The Census is one of those data exercises that brings out the best and worst in day-to-day data journalism. The best is the access to lovely very granular data which can allow you to interrogate an area in detail. The worst is the amount of mucking around you have to do with the data just to get it to work.
The map above in more interactive form was the most popular thing we did last week on the web – it was in the Guardian’s top ten on census day even though we didn’t finish it until after 4pm GMT. So, how did we make it? This is how that process can work.
The Census was published by the Office for National Statistics at 9.30 in the morning. It is not released under embargo as so much government data is – if you’re not on the pre-release access list like the Home Secretary, then you get it the same time as everyone else.
The big deal about this release was that it was the first time people in England and Wales were asked which language they speak as their main one. This brings its own problems: English was lumped in with Welsh in Wales (but not in the rest of the country). So, we were stuck with something vaguely unsatisfactory to start with. I asked the ONS about this and they told me:
In Wales, we asked three questions, with the additional one being on Welsh language ability (looking at ability to speak, read and write Welsh). To avoid confusing/annoying respondents (we tested these questions a lot!), we concluded that we shouldn’t ask English proficiency of people who’s main language was either English or Welsh (since Welsh speakers typically speak English as well, and there is no user requirement to know how much English they speak as all services are provided bilingually in Wales).

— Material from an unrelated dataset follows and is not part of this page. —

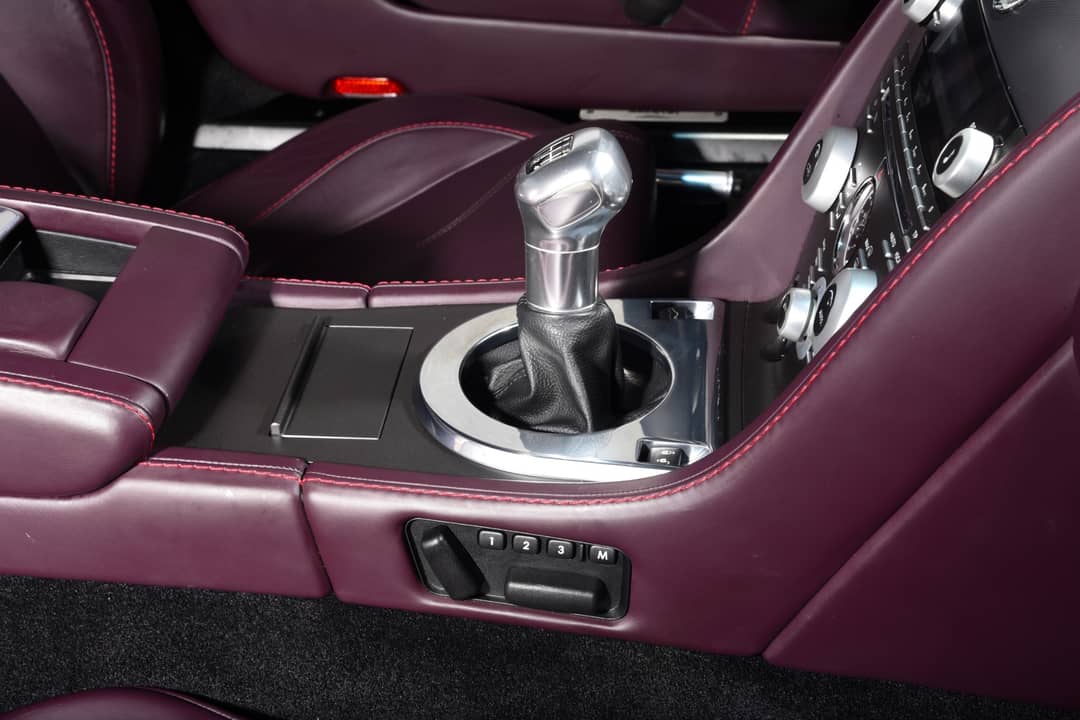 2011 Aston Martin V12 Vantage — photo 20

As we were limited on questionnaire space, we were forced to combine English and Welsh into a single category in the “Main Language” question, which was reported on today, and is causing the irritation.
The other thing about the data was that it was the first time the information had been published at the smallest levels of geography: lower super output area, each of which has about 1,500 people living in it. It means that you can see things at a much smaller level than the larger local authorities – and get some real detail in there.

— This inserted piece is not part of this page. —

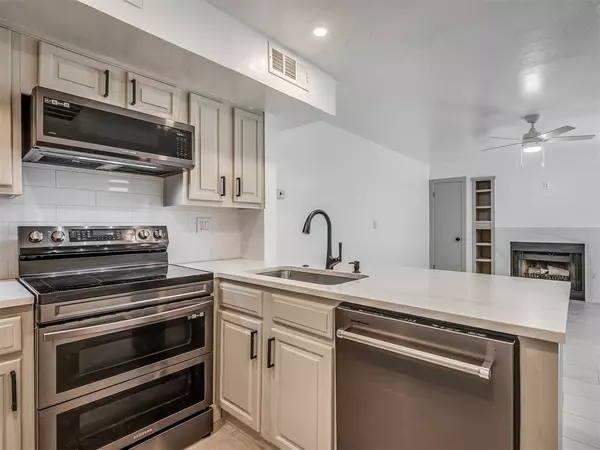 Oklahoma City, OK 73120,11550 N May AVE #108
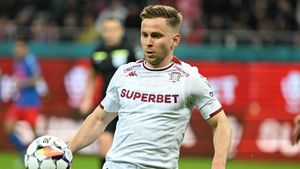 Răzvan Onea, la un pas să se lase de fotbal. Oferta de la Rapid i-a schimbat viața: „Aveam decizia luată cu părinții, cu familia”. EXCLUSIV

And this information is most interesting while it’s in the news, which means getting it on the website the same day it comes out – which also means publishing by lunchtime. We also used the census data to map transport use the next day – but the method is the same.
Step 1: Find the data
As main language was the big story (and the most interesting), I thought it would be good to show at that local level. But the main ONS data page for this census release only had this data at local authority level.

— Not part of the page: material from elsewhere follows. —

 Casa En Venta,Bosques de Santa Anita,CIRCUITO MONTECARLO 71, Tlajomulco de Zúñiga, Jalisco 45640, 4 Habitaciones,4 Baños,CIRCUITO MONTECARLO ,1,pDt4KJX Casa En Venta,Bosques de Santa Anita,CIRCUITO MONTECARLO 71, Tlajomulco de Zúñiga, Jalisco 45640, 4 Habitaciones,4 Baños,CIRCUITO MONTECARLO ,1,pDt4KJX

Nomis came to the rescue. For anyone who deals with UK data, Nomis is a godsend. It’s pretty old-fashioned but very simple. It allows you to download local-level ONS data on everything from unemployment and benefit claimants through to population figures and England & Wales census data – at any local level you want. Regions, parliamentary constituencies, local authorities, council wards and the level we needed here: lower super output areas.
I love Nomis so much that I live in daily fear of it being modernised as part of a misguided government IT plan.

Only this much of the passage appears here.